«Кто же виноват? – жжет мысль. – Я, как командир, или кто другой? Зачем мы пошли в атаку в конном строю на непрорванную оборону противника?
Глухой шлепок прерывает раздумья. Конь мой падает на колени, а потом валится на бок.
– Товарищ командир! – Слышу взволнованный голос Саковича. – У меня коня убили, я, пока другого достал, вас из виду потерял… Товарищ командир…
– Дай коня! – обрываю его.
Приказываю отводить остатки эскадронов за бугор, на котором стоит командарм. Вложив шашку в ножны, поднимаюсь на холм. Конева окружают те же командиры. Здесь же теперь и генерал Дрейер.
Слова официального доклада не идут на ум.
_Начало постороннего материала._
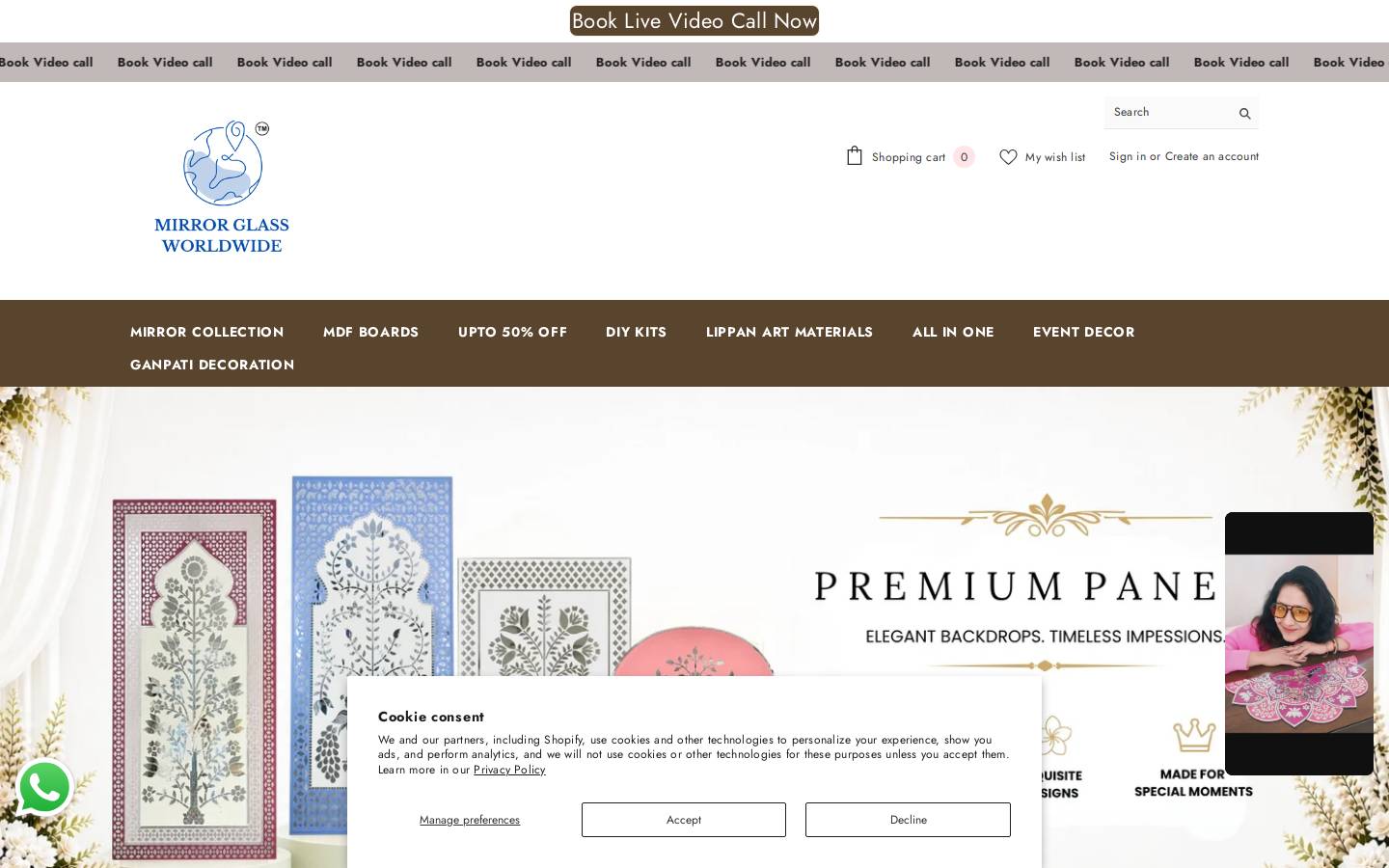 mirrorglassworldwide.com homepage screenshot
Показываю рукой на лощину, на проклятую траншею:
– Видели?..
Командарм посмотрел на меня и ничего не ответил. Устало вздохнув, я повернул коня. Уже спускаясь с бугра, услышал, как Иван Степанович обрушился на командира стрелковой дивизии: – За это расстреливать надо!»159
Итак, что произошло? Конев решил ввести в тыл немцам кавалерийскую дивизию – около 3 тыс. конников – для уничтожения немецких тылов. Сами, да ещё в конном строю, прорывать укрепленную оборону противника кавалеристы не могли, и это было запрещёно боевыми уставами. Пробить проход для кавалерии должна была стрелковая дивизия. Однако ее генерал струсил, никакого прохода в обороне немцев не сделал, но Коневу доложил, что все в порядке, в надежде – авось кавалеристы и сами пробьются. Результат вы прочли. Ну, положим, Конев действительно расстрелял бы этого генерала, но что толку для тех, кто уже убит из-за этого генеральского урода? А ведь таких генералов была уйма и на всех должностях. Как же Сталин мог им верить?
159 А.т. Стученко. Завидная наша судьба. М., Воениздат, 1964.